Taking the line with "COX15 Antibody in" as the first and the last line of the listing as the final one, please copy exactly those lines and no others, without pictures.

━━ Provided data ━━

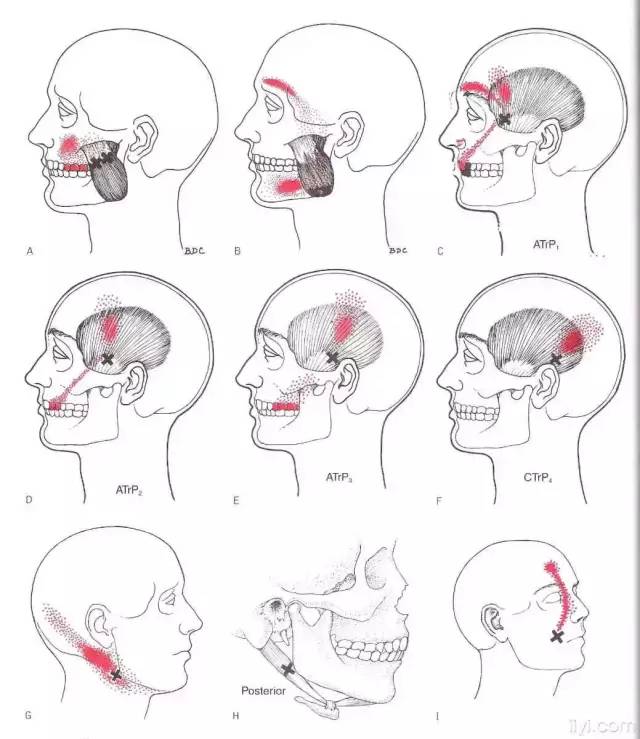 肌筋膜触发点详细图谱建议收藏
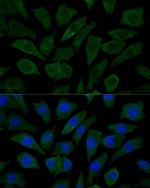 COX15 Antibody in Immunocytochemistry (ICC/IF)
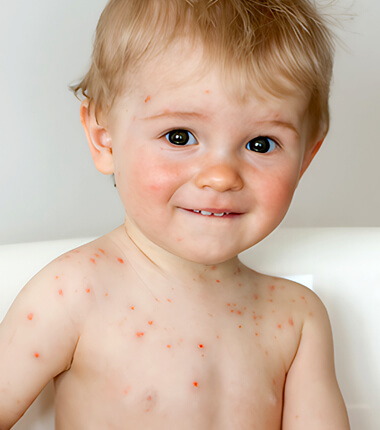 Chickenpox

━━━

• **Reply**
 COX15 Antibody in Immunocytochemistry (ICC/IF)
 Chickenpox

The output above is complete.